# Weird reloading on Safari



## pds (Jun 9, 2005)

Safari is acting very strangly on this site, but doesn't do it on macNN. 

Problem is that threads load and then immediately refresh. If I have two tabs open, I get beachballs. 

I have trashed  ~/library>safari>icons
and
~/library>preferences>com.apple.safari.plist

I have done cron jobs, repaired permissions and reset safari 

Short of trashing and reinstalling safari, anyone have any ideas?

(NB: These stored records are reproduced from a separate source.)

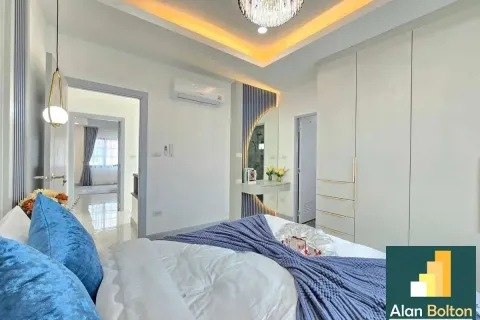 Casa de 4 dormitorios en Pattaya, Tailandia № 210756 - foto 7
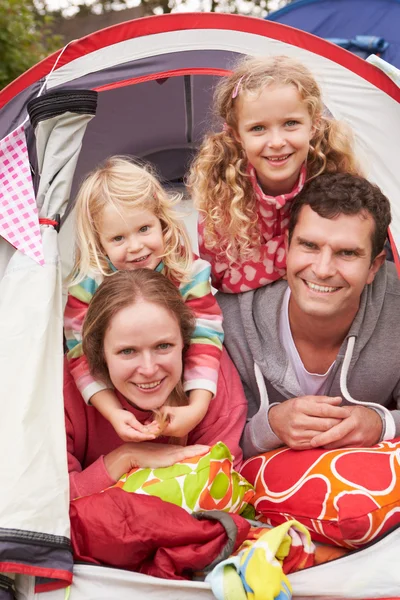 Familjen njuter av campingsemester — Stockfoto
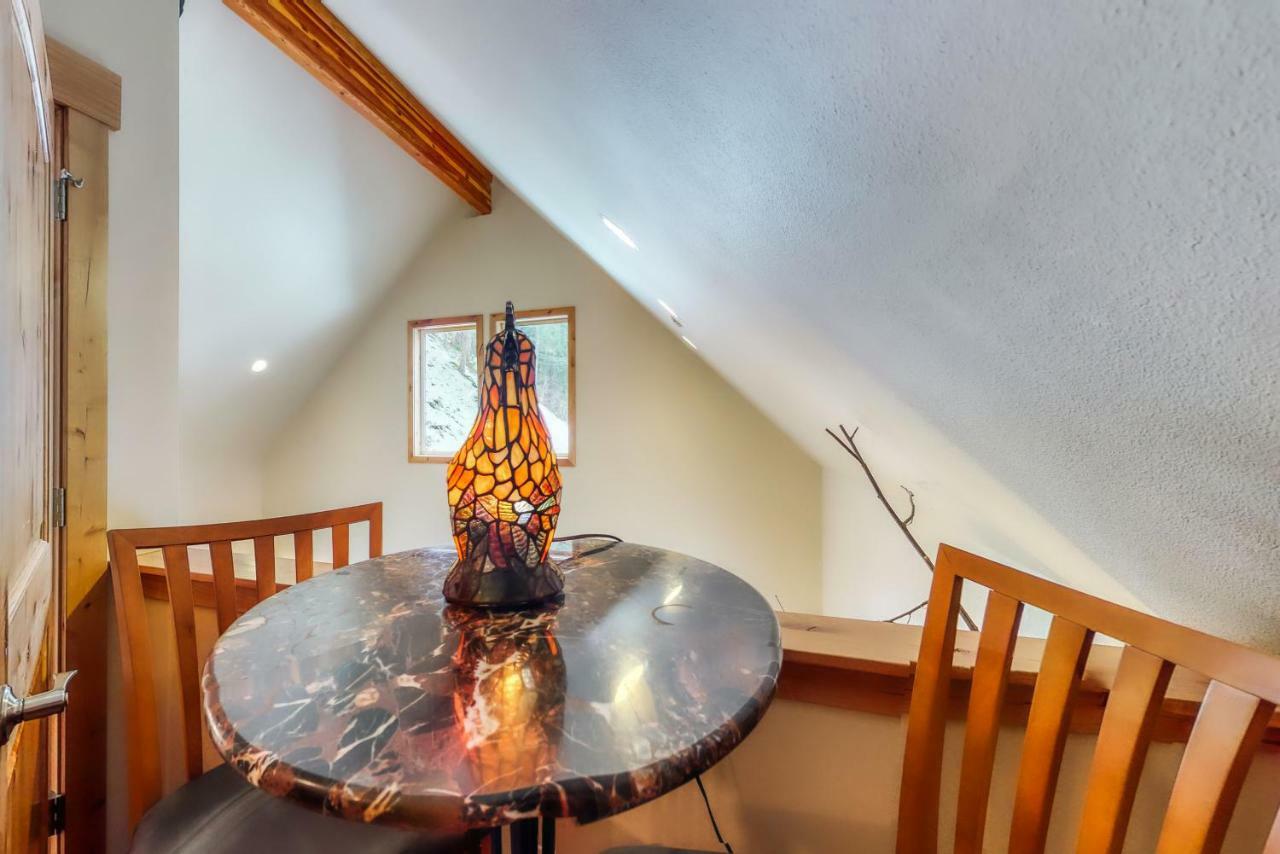 Holiday home Merry Creekside Retreat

it's on a G3 iBook with 640megs and 10.3.9

ps- no problem with firefox, only safari


----------



## cfleck (Jun 9, 2005)

I get the same problems.  I first noticed it after I followed an RSS link.  Doesn't seem to do it all the time though.  Weird.


----------



## J3 L U N T (Jun 9, 2005)

yea i just looked into it and i get the same issue.... it seems that it has to do with a banner ad. becuase if you notice wheni t happens the advertisment doesnt come up. try to click on it and it opens another page with the same issue.  when an advertisement DOES load correctly the reloading doesnt happen..

def wierd.


----------



## ElDiabloConCaca (Jun 9, 2005)

How strange!  Now my Safari is doing it with this site.  Constant reloading of various pages... one page reloaded every character I typed in a reply box, but no other time.

Weird, indeed!


----------



## MrNivit1 (Jun 9, 2005)

somebody's ad is not behaving nicely.  Can a mod id which one it is and possibly find out what's wrong and either fix/eliminate the ad?


----------



## MrNivit1 (Jun 9, 2005)

Looks like a circular reference (infinte loop) within a google ad.  Loading the ad makes another call to open the ad again... This repeats and evetually overloads safari (see activity window snapshot).


----------



## fjdouse (Jun 9, 2005)

I'm getting it too, damn annoying and it's making that horrid spinning ball appear!!!  AAAAAAAAHHHHHH!!!!!!!!


----------



## ScottW (Jun 9, 2005)

Is it doing it now?


----------



## pds (Jun 9, 2005)

Seems good now - thanks.

great news because i found out I don't really like firefox.


----------



## fjdouse (Jun 10, 2005)

Oh that IS better..


----------